Stowe’s prose is vibrant, tingling with an itch to explore seas around the world beyond the “western edge of Britain, the edge of my world.” Even if you’re not a sailor, you’ll relate to how “bonds form quickly at sea, when “you are trusting each other [sailmate(s)] with your life.” 

The first ocean going vessel discussed is the Valiant 40, a research vessel Stowe volunteered to assist on led by Professor Hal Whitehead, a global expert on cetaceans – whales, dolphins, porpoises. Meeting his then doctoral student Laura Feyrer inspired her career direction. Now we see the author as a strong feminist voice rising above male-dominated traditions when it comes to the sea who had to “work twice as hard for half the opportunity. You prove everything, and prove it ten times again.” Loved the irony when Stowe points out boats are named after women!

It was on this expedition that Stowe, manning the deck in the dark of the night, “felt a deep presence” of an “ocean giant.” Awe, in hearing a sperm whale’s eerie whale songs. “The loudest single animal in the ocean” shows us the importance of sounds, not just sightings.

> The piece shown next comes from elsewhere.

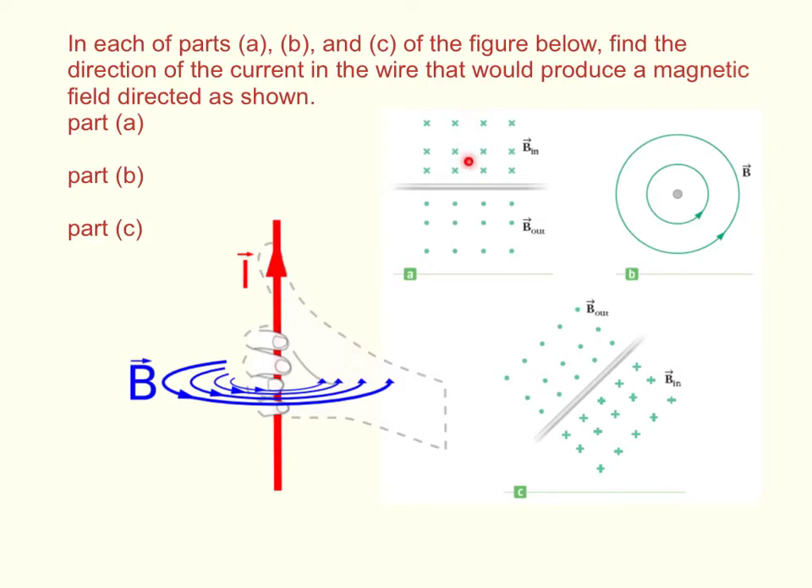On the first one, the field is going in on top and coming out on the bottom, so your thumb would have to be pointed to the left in order for that magnetic field to be like that. In the second case, you get the magnetic field going like this, so your thumb would have to be pointed out of the screen to get your fingers wrapped like that. Then on the last one, you're going in right here and out right here, so your thumb would have to be angled up and to the right in order to get the current in that direction and produce that magnetic field.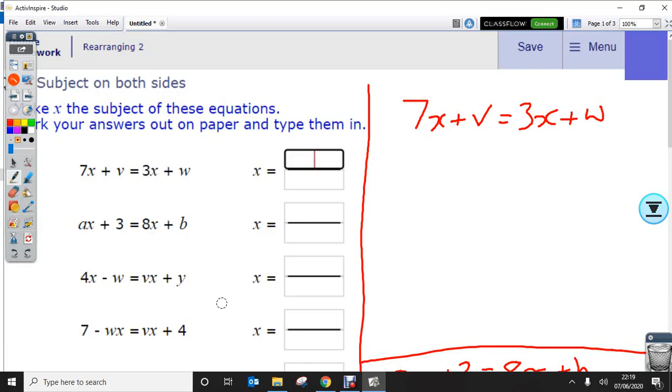I'm going to go through the homework on maths for rearranging equations. Two key things to remember: always get all of the x's on one side of the equation — that's your first port of call — and then use factorising if you need to, if you've got more than one version of x and it's not easy to get rid of.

The whale is a persuasive example of environmental activism making a huge difference as these giants almost became extinct in Antarctica in the mid-sixties. Boycotts, quotas, bans, and legislation made it illegal to kill whales for commercial reasons, though a few countries still do.

Wandering Albatross
By 3HEADEDDOG [CC BY-SA 3.0]
via Wikimedia Commons

Stowe’s captivating journey continues to enlighten and carry us to other sea creatures, such as the Wandering Albatross, a “bird of legend” known for the “mastery of its force” flying through fierce winds, requiring both parents to switch turns to care for their young.

And then, “Sometimes, something is just beautiful. You don’t know why, it just is, and the world is better for the fact that it exists,” Stowe writes. The literary world is better for her story of the sea. She hopes, so will the health and future of the seas.